A General Framework for Updating Belief Distributions (1306.6430v2)

Abstract: We propose a framework for general Bayesian inference. We argue that a valid update of a prior belief distribution to a posterior can be made for parameters which are connected to observations through a loss function rather than the traditional likelihood function, which is recovered under the special case of using self information loss. Modern application areas make it is increasingly challenging for Bayesians to attempt to model the true data generating mechanism. Moreover, when the object of interest is low dimensional, such as a mean or median, it is cumbersome to have to achieve this via a complete model for the whole data distribution. More importantly, there are settings where the parameter of interest does not directly index a family of density functions and thus the Bayesian approach to learning about such parameters is currently regarded as problematic. Our proposed framework uses loss-functions to connect information in the data to functionals of interest. The updating of beliefs then follows from a decision theoretic approach involving cumulative loss functions. Importantly, the procedure coincides with Bayesian updating when a true likelihood is known, yet provides coherent subjective inference in much more general settings. Connections to other inference frameworks are highlighted.

• The paper proposes a loss-based updating mechanism for belief distributions that extends traditional Bayesian inference by integrating loss functions.
• It utilizes cumulative loss functions to calibrate prior beliefs, ensuring coherence in sequential or simultaneous data assimilation.
• The framework enhances robustness in complex, high-dimensional settings and offers practical utility for non-stochastic or partially informative data.

A General Framework for Updating Belief Distributions

The paper by Bissiri, Holmes, and Walker proposes a novel framework for Bayesian inference that extends the traditional reliance on likelihood functions by incorporating loss functions into the update mechanism of belief distributions. This research addresses challenges that arise in modern applications, where modeling the true data-generating process is complex or the parameter of interest is not directly linked to a family of density functions. The authors introduce a decision-theoretic approach using cumulative loss functions to update prior beliefs, which is coherent with Bayesian updating when a true likelihood is known but extends to more general settings.

Summary of Core Contributions

The authors suggest that a parameter of interest that minimizes expected loss can serve as the basis for updating belief distributions. The framework uses a loss function $l(\theta,x)$ to link data observations to parameters and adjust the prior belief $\pi(\theta)$ to a posterior $\pi(\theta|x)$ using: $$\pi(\theta|x) \propto \exp\{-l(\theta,x)\}\,\pi(\theta).$$

This formulation, akin to a Bayesian update, is built on coherence properties ensuring that the update process is consistent whether data is assimilated simultaneously or sequentially. A noteworthy feature is the realization that classical inference aligns with this framework by treating the negative log likelihood as a loss function, which provides a robust interpretation when the true model is known but also extends to the estimation of parameters without explicit model assumptions.

Implications and Applications

The implications of this framework are twofold:

• Practical Applications: This approach enhances the flexibility of Bayesian inference in fields where traditional modeling assumptions are untenable, allowing practitioners to employ robust estimation techniques prevalent in classical statistics without the need for complete model specification.
• Theoretical Insights: It emphasizes the importance of loss functions and coherence in inference, expanding the applicability of Bayesian analysis to scenarios with non-stochastic information or partial data.

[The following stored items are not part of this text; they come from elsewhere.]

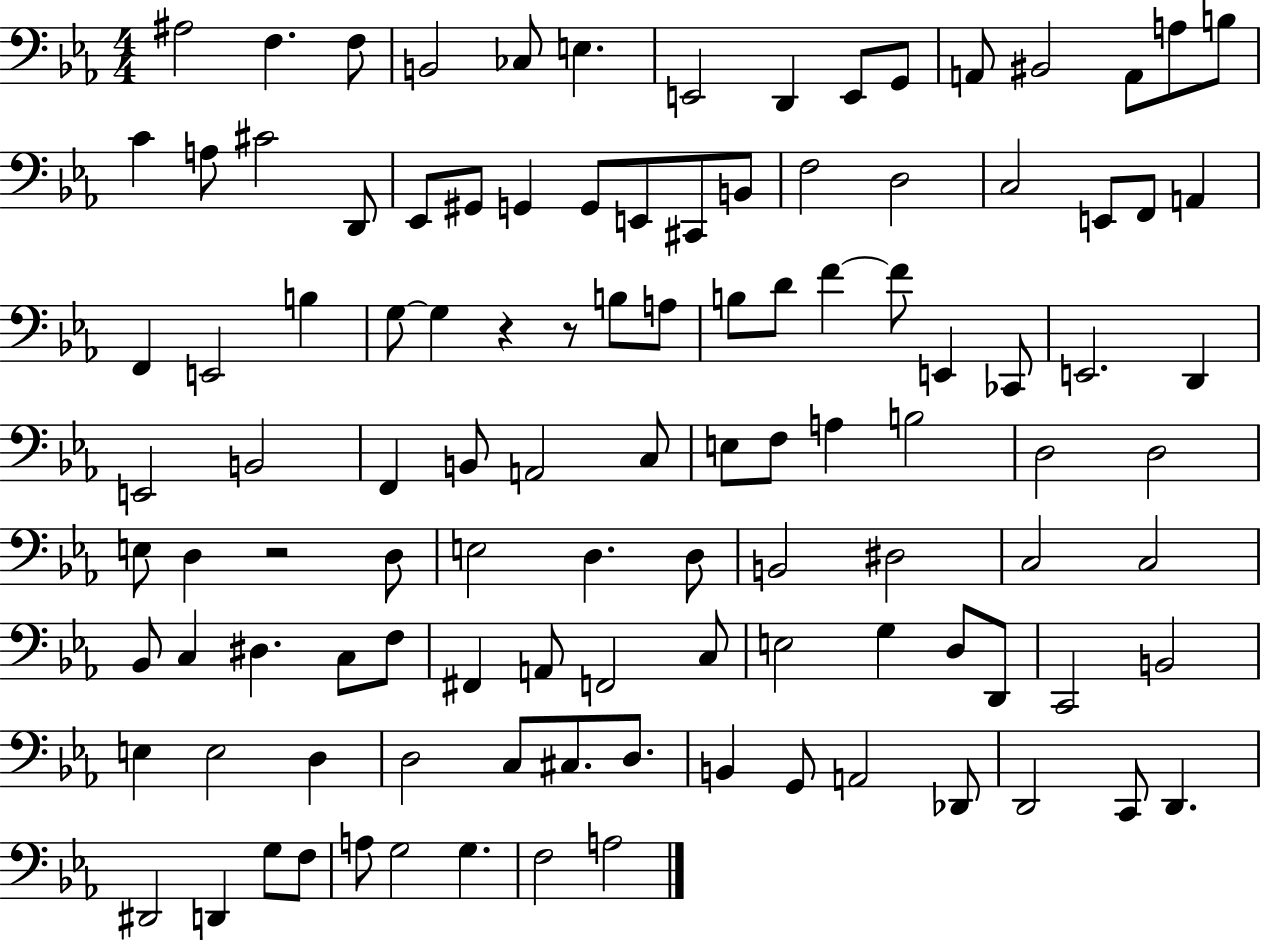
{
  \clef bass
  \numericTimeSignature
  \time 4/4
  \key ees \major
  ais2 f4. f8 | b,2 ces8 e4. | e,2 d,4 e,8 g,8 | a,8 bis,2 a,8 a8 b8 | \break c'4 a8 cis'2 d,8 | ees,8 gis,8 g,4 g,8 e,8 cis,8 b,8 | f2 d2 | c2 e,8 f,8 a,4 | \break f,4 e,2 b4 | g8~~ g4 r4 r8 b8 a8 | b8 d'8 f'4~~ f'8 e,4 ces,8 | e,2. d,4 | \break e,2 b,2 | f,4 b,8 a,2 c8 | e8 f8 a4 b2 | d2 d2 | \break e8 d4 r2 d8 | e2 d4. d8 | b,2 dis2 | c2 c2 | \break bes,8 c4 dis4. c8 f8 | fis,4 a,8 f,2 c8 | e2 g4 d8 d,8 | c,2 b,2 | \break e4 e2 d4 | d2 c8 cis8. d8. | b,4 g,8 a,2 des,8 | d,2 c,8 d,4. | \break dis,2 d,4 g8 f8 | a8 g2 g4. | f2 a2 | \bar "|."
}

This is particularly relevant in high-dimensional problems or those involving parameters indirectly connected to observables.

Methodological Insights

The authors delve into several considerations and methodologies:

1. Type of Loss Functions: They differentiate scenarios based on the availability and type of data-generating models (M-closed, M-open), recommending specific loss functions ranging from self-information to robust alternatives like M-estimators.
2. Calibration of Loss Functions: Addressing potential arbitrary scaling of loss functions, they explore methods like unit information loss, hierarchical approaches, and subjective calibration. The latter connects Bayesian coherence with classical ANOVA-based methods to determine the influence level of data and prior in belief updates.
3. Application to Non-Stochastic and Partial Information: They extend this inference framework to non-stochastic and partially informative data, significant in fields like survival analysis using proportional hazards models or non-traditional applications such as clustering without probabilistic models.

Speculations and Future Directions

This research opens several avenues for future exploration, particularly in machine learning and AI, where traditional probabilistic models may be restrictive. Extensions of this framework could inform the development of novel algorithms capable of integrating various information types, enhancing the robustness and interpretability of AI systems. Furthermore, the interplay between decision-theoretic perspectives and Bayesian inference offers fertile ground for extending PAC Bayes approaches, providing robust guarantees for empirical performance.

Conclusion

Bissiri, Holmes, and Walker present a compelling argument for broadening the scope of Bayesian inference through a loss-based framework, offering a flexible, coherent approach to updating beliefs under challenging data scenarios. This framework not only expands the theoretical landscape of Bayesian statistics but also offers practical utilities in diverse, complex domains.